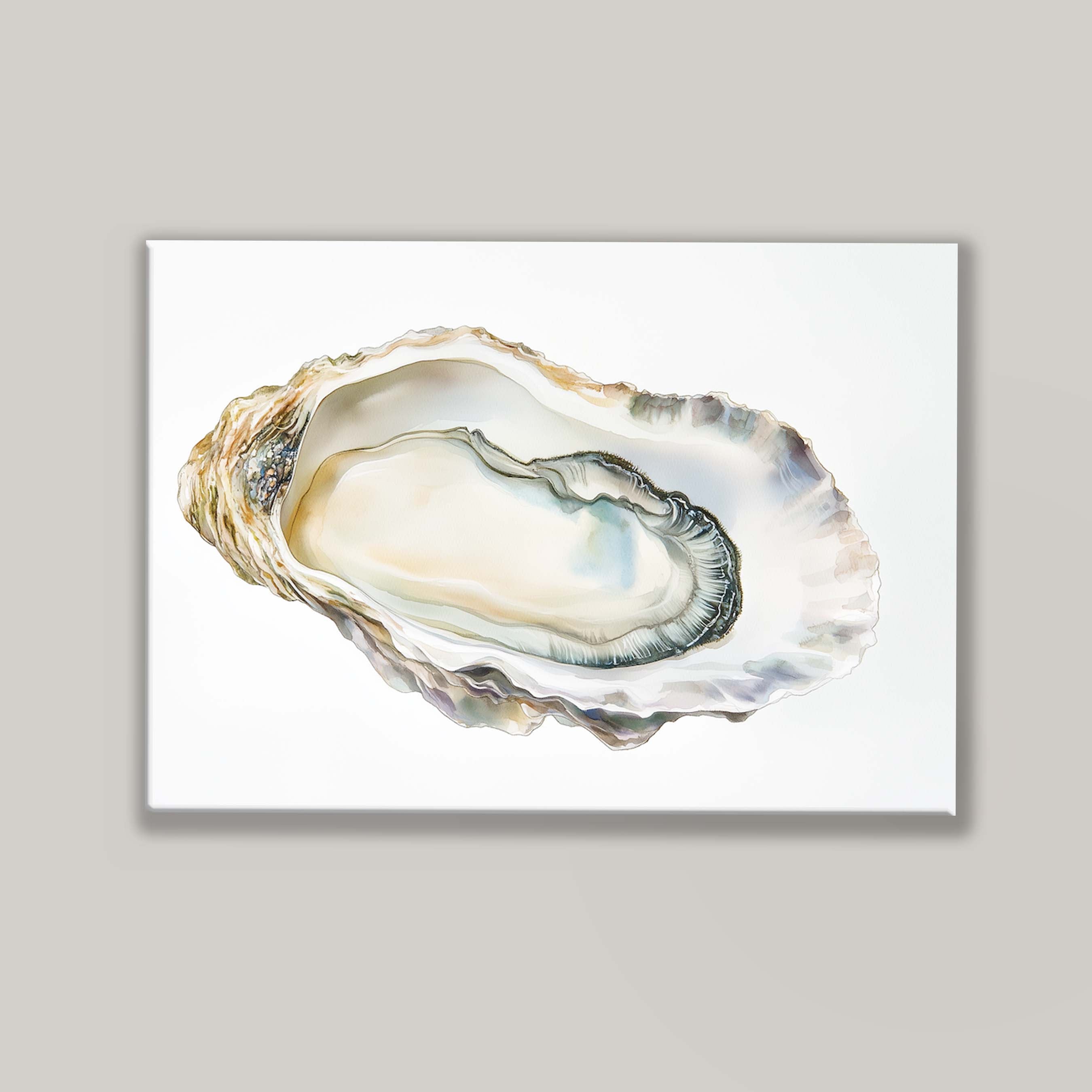 Oyster Shell IV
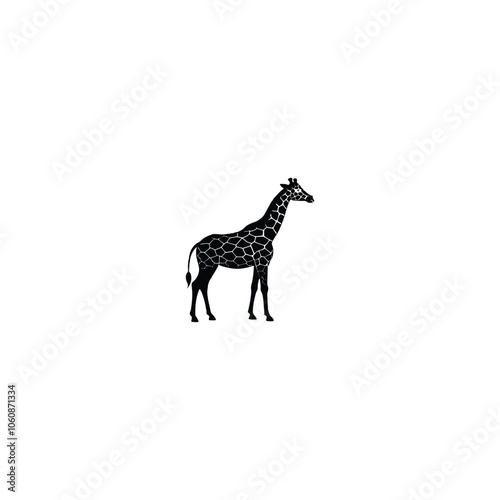 giraffe isolated on white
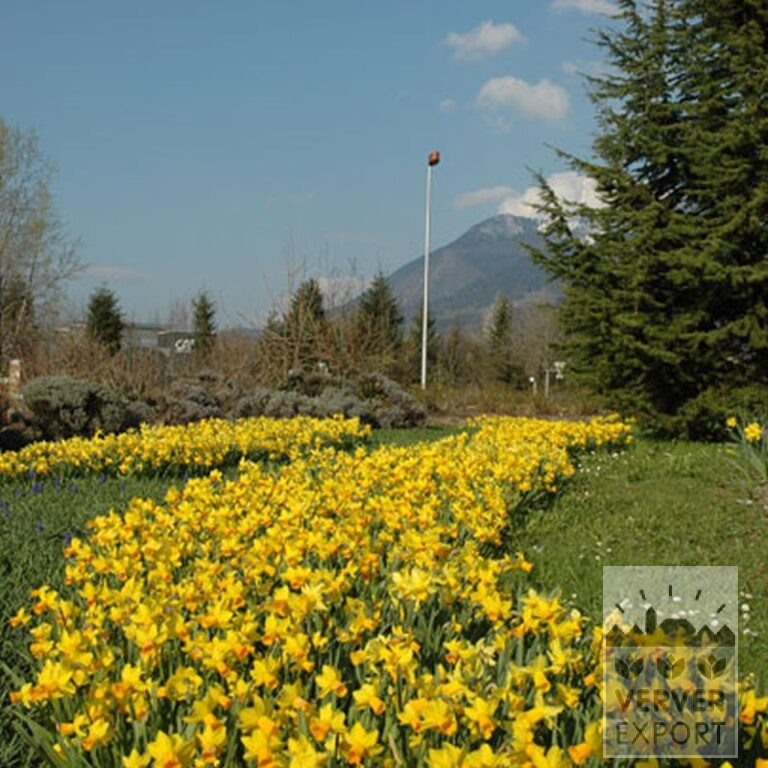 Narcisses 'Fortissimo' (15033) – Image 3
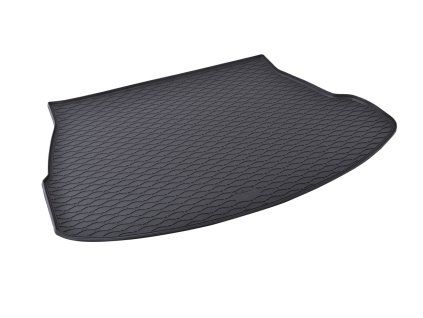 Vana do kufru gumová Lexus NX 2021- | RIGUM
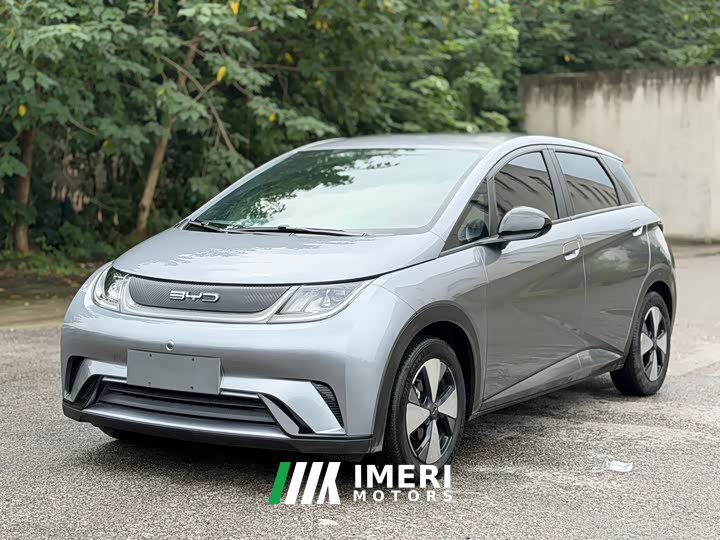 BYD Dolphin 420km Fashion Edition - ავტომობილი ჩინეთიდან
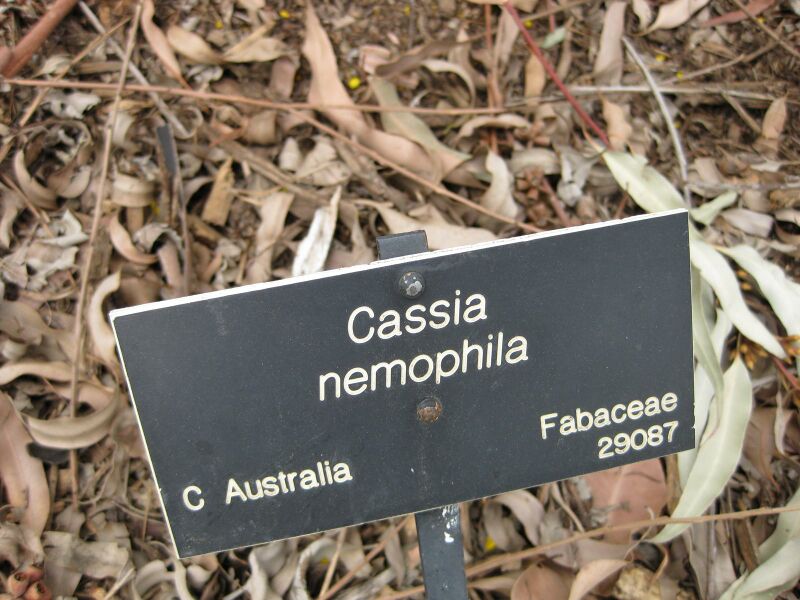 File:IMG 4664 hunt0904.jpg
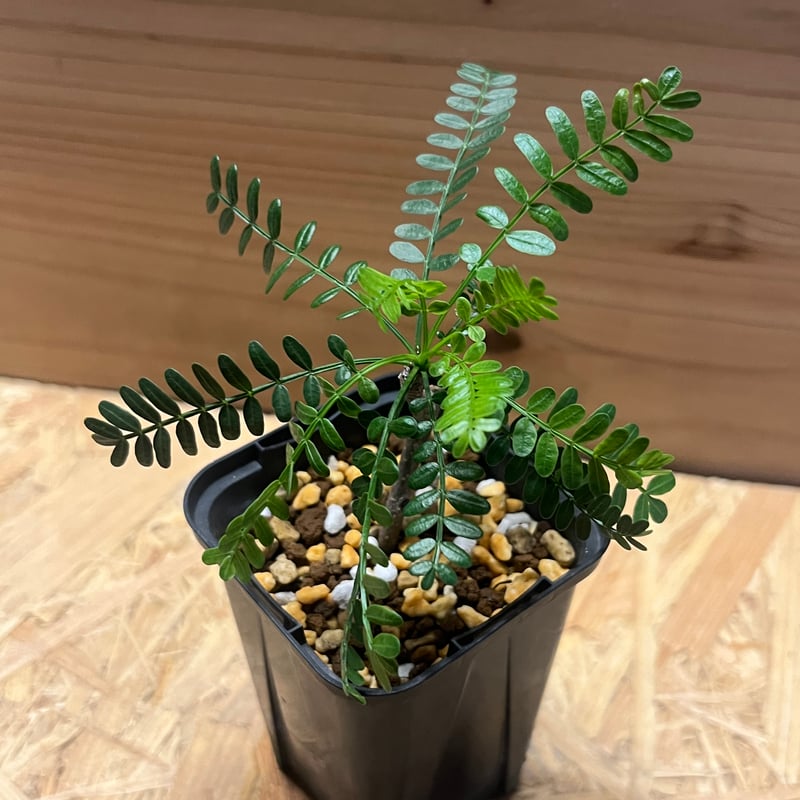 ブルセラ ミクロフィラ | GREEN LUCK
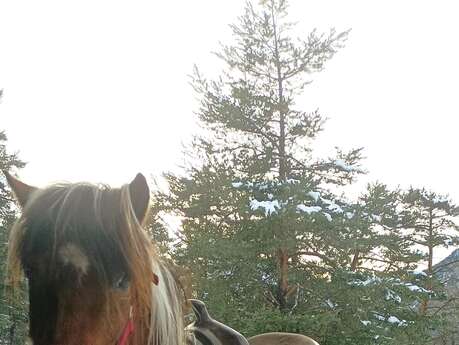 Balade à poney au bord de la Clarée - Ferme équestre de la Clarée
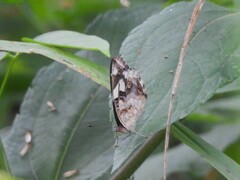 Junonia oenone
━━━━━━━━━━━━━━━━
- [Exercise description]: Reproduce word for word the lines from the one containing "Balade à poney" through the end of the data, both ends kept. Drop the pictures.

- [Output below]:
 Balade à poney au bord de la Clarée - Ferme équestre de la Clarée
 Junonia oenone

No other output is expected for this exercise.